Category · Vulnerable Parts
Exiles carry the emotional weight that all those Managers and Firefighters are working so hard to keep buried. In the ND founder brain, they typically hold the fear of being exposed, the memory of failure, the grief of a system that was never built for how their brain works. In a coaching context, we acknowledge Exiles — we do not process them. Deep exile work is IFS therapy territory and requires a licensed clinician.
Exile
Carries the belief that success so far has been luck, that discovery is coming, that the other people in the room are the real founders. Drives the Perfectionist and Taskmaster to compensate.
"Eventually they're going to figure out I don't know what I'm doing."
Exile
Carries the exhaustion from every sprint-crash cycle, every all-nighter, every "just push through it." Holds the belief that the body is a liability — something to override on the way to shipping.
"I've been running on empty for so long I don't know what full feels like."
Exile
Holds the accumulated grief of a brain that was told — explicitly and implicitly — that it didn't work right.
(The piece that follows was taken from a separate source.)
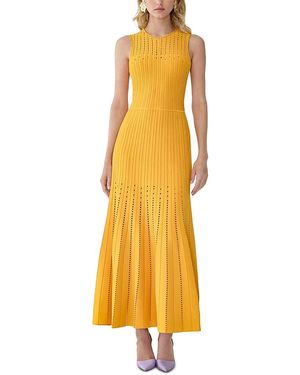 Carolina Herrera Sleeveless Tea Length Fit And Flare Dress - Yellow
Too much. Too scattered. Can't focus. The part that internalised the world's neurotypical verdict before knowing ADHD was real.
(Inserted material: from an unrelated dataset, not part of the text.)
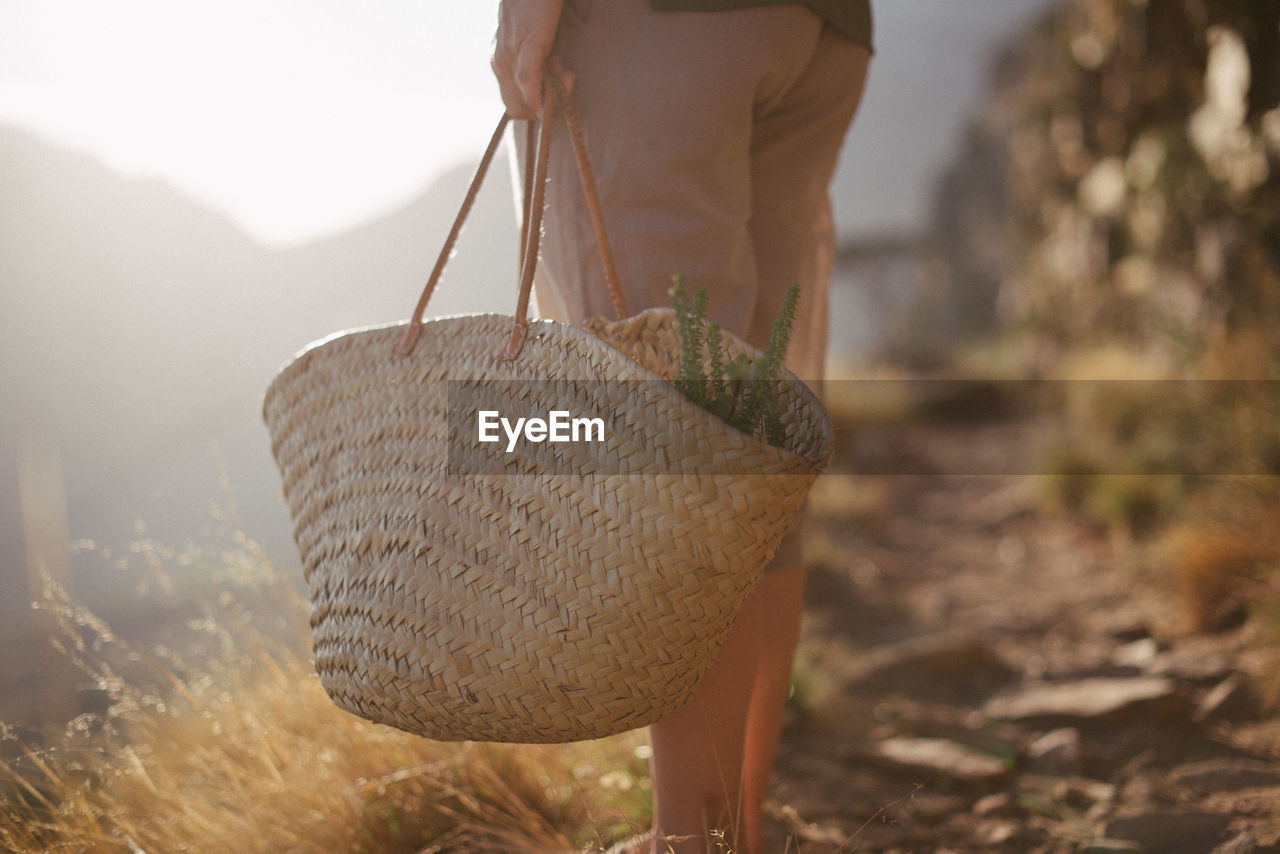 Midsection of woman with bag standing on land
"Maybe I'm just not cut out for this."
Important Distinction
Parts work in a High Signal coaching context is used as an operational tool — not as therapy. The distinction matters clinically, ethically, and for your safety.
High Signal coaching draws on IFS as an operational framework for understanding what's blocking execution. It does not replicate or replace IFS therapy. If you're working with exiles, processing early trauma, or experiencing acute distress, please work with a licensed IFS-trained therapist.